### SUPPLIED MATERIAL

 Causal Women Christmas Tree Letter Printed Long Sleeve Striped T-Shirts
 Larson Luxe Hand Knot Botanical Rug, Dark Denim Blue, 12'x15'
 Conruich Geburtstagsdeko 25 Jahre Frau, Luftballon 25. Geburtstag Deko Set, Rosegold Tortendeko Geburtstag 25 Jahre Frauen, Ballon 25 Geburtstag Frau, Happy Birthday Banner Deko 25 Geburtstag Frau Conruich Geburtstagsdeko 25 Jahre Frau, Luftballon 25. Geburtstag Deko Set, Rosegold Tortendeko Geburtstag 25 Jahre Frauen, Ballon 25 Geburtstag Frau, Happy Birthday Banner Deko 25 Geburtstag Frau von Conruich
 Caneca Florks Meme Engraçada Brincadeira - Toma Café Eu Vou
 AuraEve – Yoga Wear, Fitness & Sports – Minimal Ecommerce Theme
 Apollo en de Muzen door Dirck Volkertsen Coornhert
==
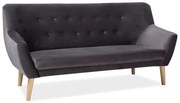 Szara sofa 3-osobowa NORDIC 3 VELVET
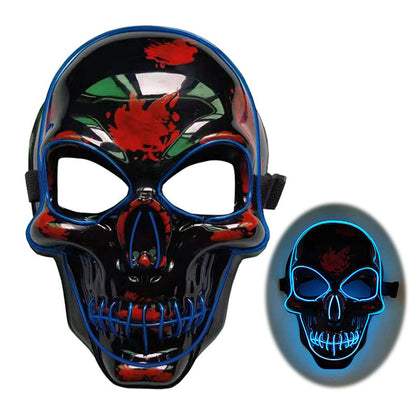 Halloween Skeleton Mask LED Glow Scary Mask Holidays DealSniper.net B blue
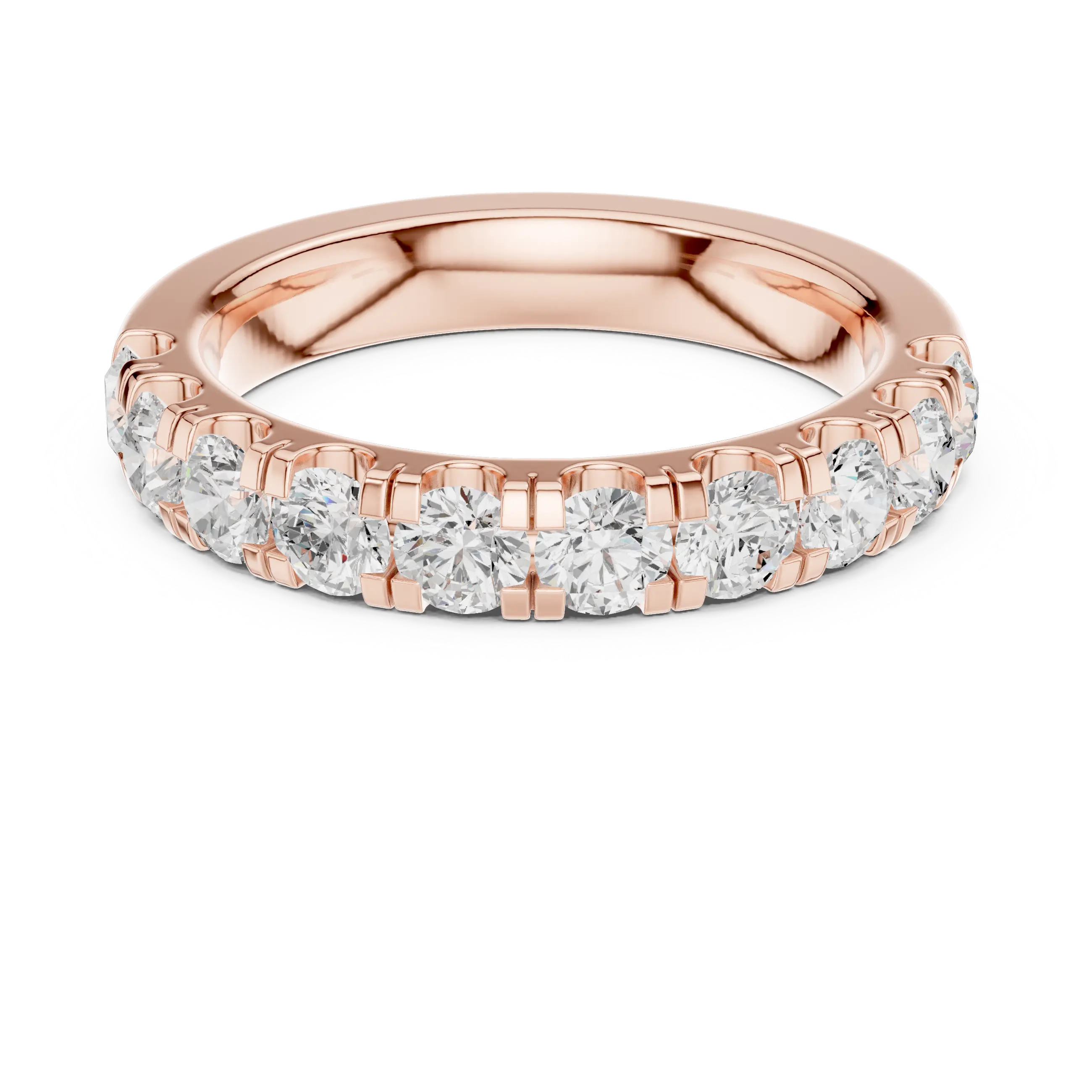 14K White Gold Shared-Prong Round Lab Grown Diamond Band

### TRY IT
Above are the entries. Quote exactly the lines from the one bearing "Frau von Conruich" through the one bearing "Apollo en de".

### ANSWER AREA
 Conruich Geburtstagsdeko 25 Jahre Frau, Luftballon 25. Geburtstag Deko Set, Rosegold Tortendeko Geburtstag 25 Jahre Frauen, Ballon 25 Geburtstag Frau, Happy Birthday Banner Deko 25 Geburtstag Frau Conruich Geburtstagsdeko 25 Jahre Frau, Luftballon 25. Geburtstag Deko Set, Rosegold Tortendeko Geburtstag 25 Jahre Frauen, Ballon 25 Geburtstag Frau, Happy Birthday Banner Deko 25 Geburtstag Frau von Conruich
 Caneca Florks Meme Engraçada Brincadeira - Toma Café Eu Vou
 AuraEve – Yoga Wear, Fitness & Sports – Minimal Ecommerce Theme
 Apollo en de Muzen door Dirck Volkertsen Coornhert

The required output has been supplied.